§ **EXCERPTED DATA**:
<<<<
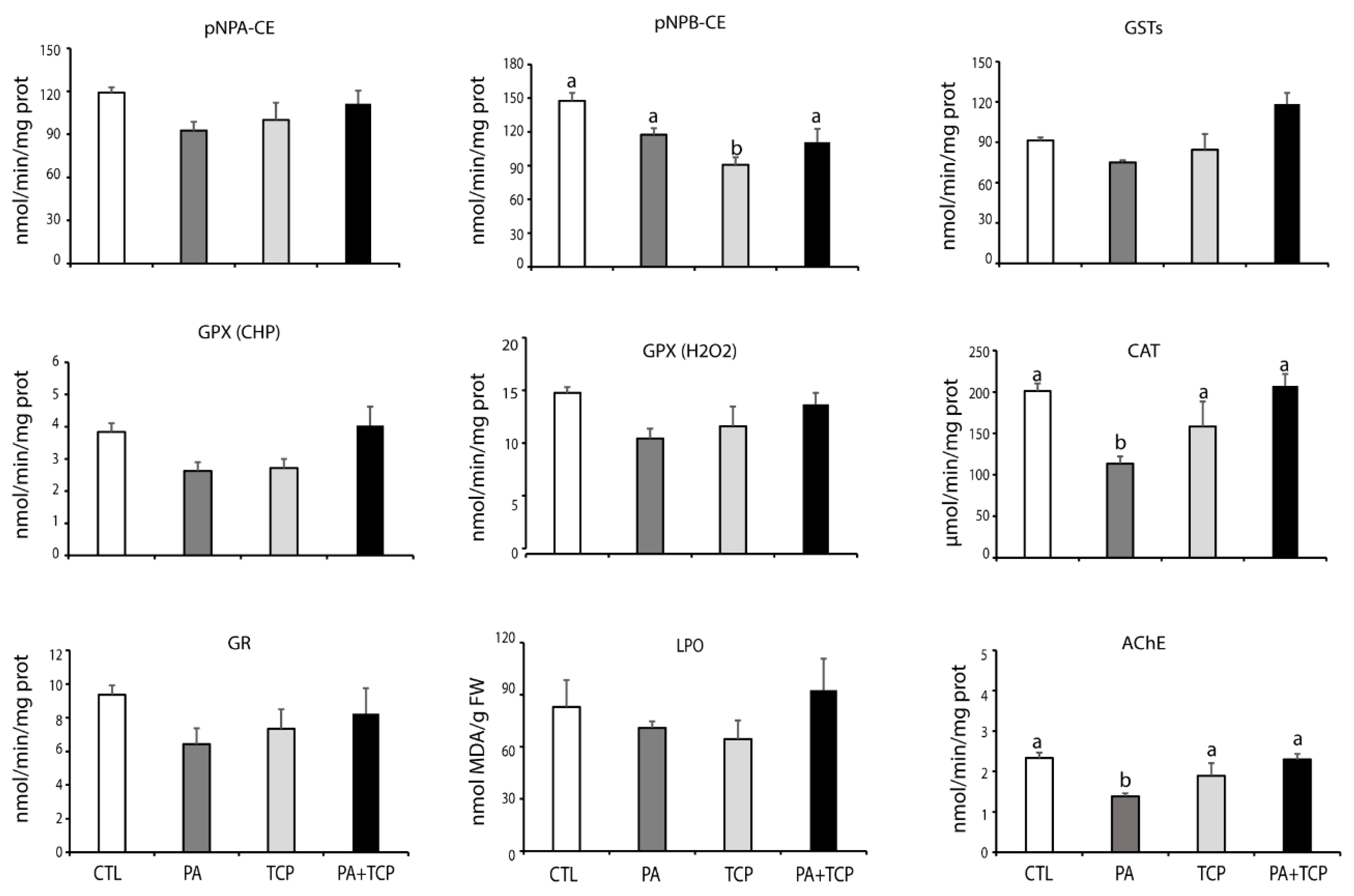Toxics 13 00181 g001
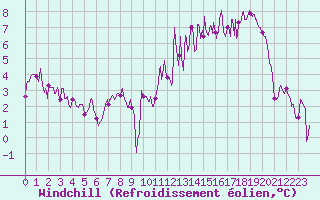 Courbe du refroidissement olien pour Paray-le-Monial - St-Yan (71)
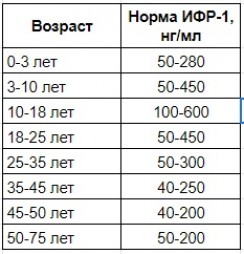 Инсулиноподобный фактор роста (ИФР-1, соматомедин С), давайте познакомимся.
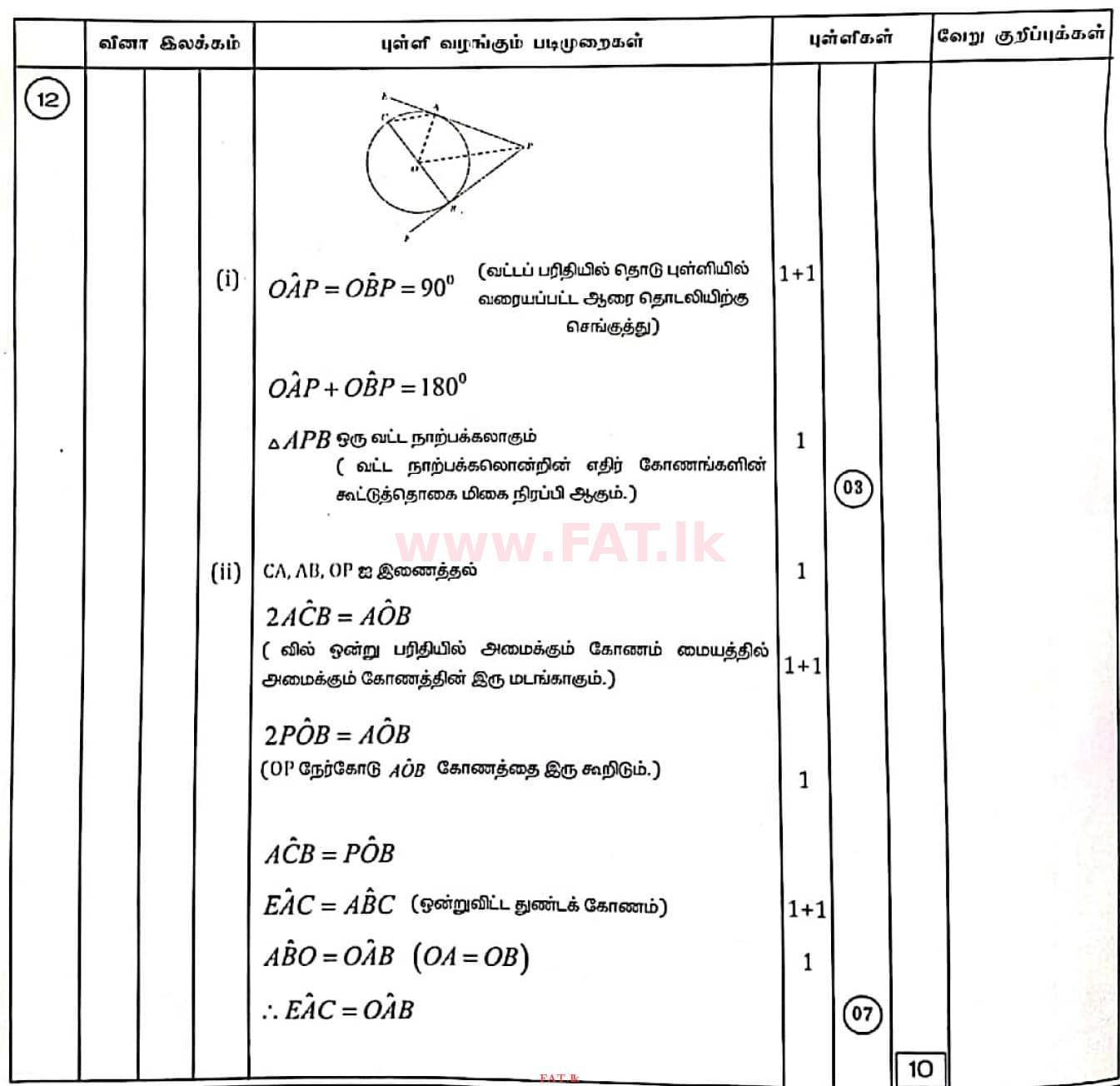 உள்ளூர் பாடத்திட்டம் : சாதாரண நிலை (சா/த) கணிதம் - 2020 மார்ச் - தாள்கள் II (தமிழ் மொழிமூலம்) 12 4422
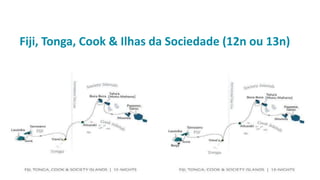 Fiji, Tonga, Cook & Ilhas da Sociedade (12n ou 13n)
 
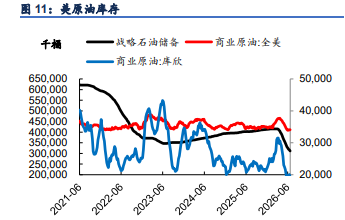 冲突外溢沙特参战 斡旋压回油价涨幅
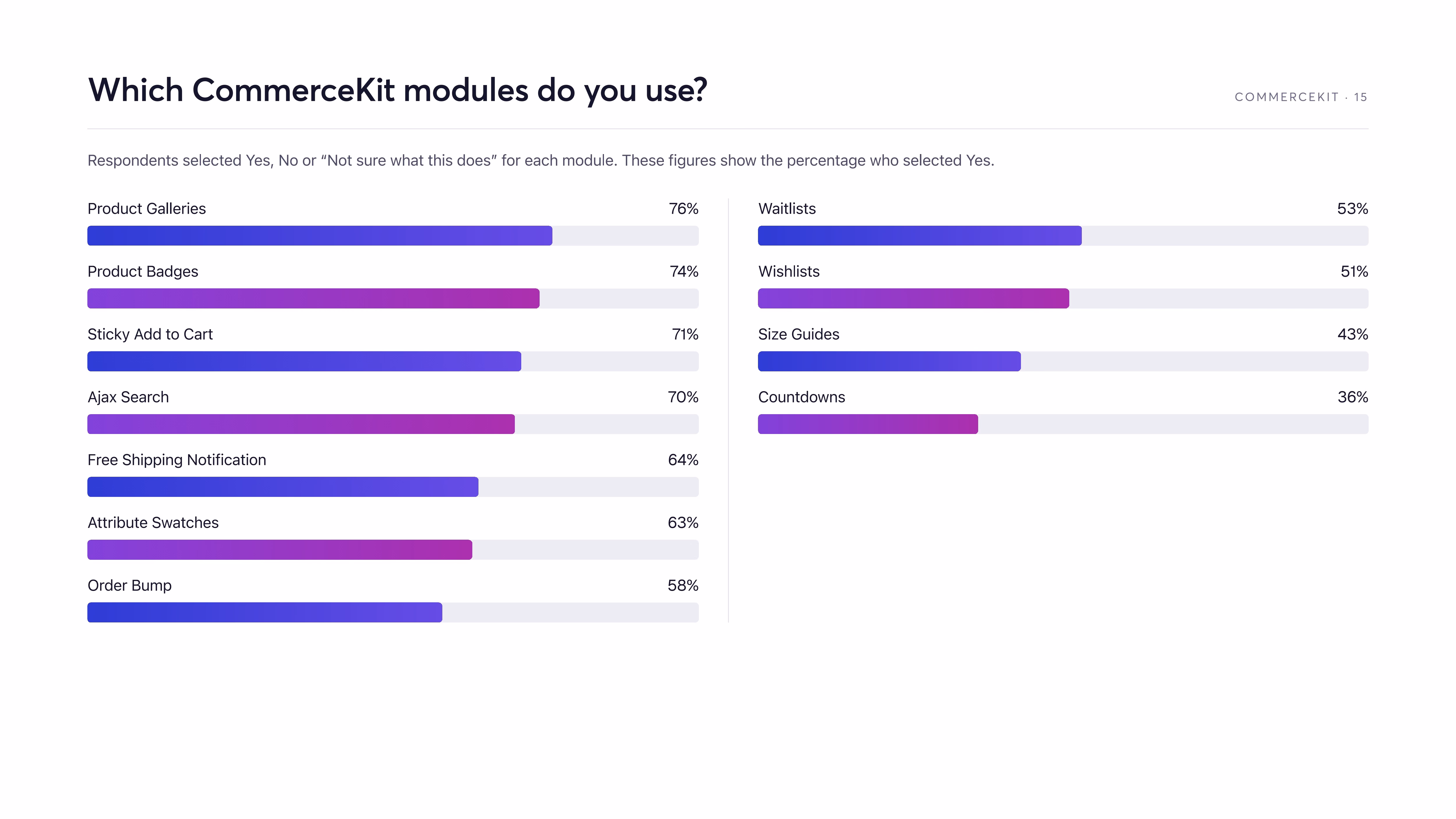CommerceKit adoption: Product Galleries 76%, Product Badges 74% and Sticky Add to Cart 71%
>>>>
§ **ACTIVITY**: Omit all pictures and write out, exactly, only the lines from the line containing "冲突外溢沙特参战 斡旋压回油价涨幅" through the last line of the entries above.

§ **REPLY**:
 冲突外溢沙特参战 斡旋压回油价涨幅
CommerceKit adoption: Product Galleries 76%, Product Badges 74% and Sticky Add to Cart 71%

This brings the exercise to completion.